Die Großaktionäre Porsche und Niedersachsen halten Pötsch trotz der Ermittlungen die Treue. "Die Familien Porsche und Piëch stehen uneingeschränkt hinter Herrn Pötsch", sagte Wolfgang Porsche, Aufsichtsratschef der Porsche SE, am Sonntag. "Auch für Herrn Pötsch gilt die Unschuldsvermutung", sagte eine Sprecherin der niedersächsischen Landesregierung. "Der endgültige Abschluss der Ermittlungen bleibt abzuwarten, vorschnelle Schlussfolgerungen verbieten sich."

Nach einer Strafanzeige der Finanzaufsicht BaFin ermitteln die Braunschweiger Strafverfolger bereits seit dem Sommer gegen VW-Markenchef Herbert Diess und den früheren VW-Chef Martin Winterkorn. Damals hatte die Behörde noch ausdrücklich betont, dass Pötsch nicht im Visier sei. Was die Staatsanwaltschaft zum Umdenken brachte, war zunächst nicht zu erfahren. Von der Behörde war am Sonntag keine Stellungnahme zu erhalten.

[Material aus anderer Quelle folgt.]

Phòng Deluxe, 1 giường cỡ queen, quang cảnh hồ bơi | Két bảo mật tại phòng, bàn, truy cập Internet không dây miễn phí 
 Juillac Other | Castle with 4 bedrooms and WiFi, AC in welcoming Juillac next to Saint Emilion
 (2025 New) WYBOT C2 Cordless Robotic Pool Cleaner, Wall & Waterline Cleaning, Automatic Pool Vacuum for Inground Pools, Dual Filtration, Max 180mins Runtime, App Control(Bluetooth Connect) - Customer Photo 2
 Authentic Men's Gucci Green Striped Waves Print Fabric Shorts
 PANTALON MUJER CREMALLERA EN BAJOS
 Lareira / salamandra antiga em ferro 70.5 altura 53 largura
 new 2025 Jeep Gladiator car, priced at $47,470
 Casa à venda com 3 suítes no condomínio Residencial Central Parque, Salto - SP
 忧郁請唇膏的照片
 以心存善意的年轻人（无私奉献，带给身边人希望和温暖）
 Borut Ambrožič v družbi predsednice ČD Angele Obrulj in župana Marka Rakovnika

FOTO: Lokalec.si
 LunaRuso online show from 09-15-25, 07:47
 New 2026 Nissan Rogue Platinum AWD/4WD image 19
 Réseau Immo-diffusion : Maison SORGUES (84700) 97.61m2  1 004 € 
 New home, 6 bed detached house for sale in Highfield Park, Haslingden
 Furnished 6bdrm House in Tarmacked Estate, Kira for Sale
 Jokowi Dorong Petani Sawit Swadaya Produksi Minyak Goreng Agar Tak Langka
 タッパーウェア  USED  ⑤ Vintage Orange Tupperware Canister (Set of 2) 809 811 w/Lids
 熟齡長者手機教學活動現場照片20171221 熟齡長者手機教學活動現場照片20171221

Volkswagen hat die Anwaltskanzlei Jones Day mit der Aufklärung des Dieselskandals beauftragt. Die Mitglieder des Aufsichtsrats seien am Freitag über den aktuellen Stand der Untersuchungen informiert worden, erklärte Niedersachsen. Danach habe sich kein Anlass für weitere Maßnahmen ergeben. "Es liegen keine neuen Erkenntnisse vor", sagte auch eine IG-Metall-Sprecherin. "Es gilt daher weiter die Unschuldsvermutung."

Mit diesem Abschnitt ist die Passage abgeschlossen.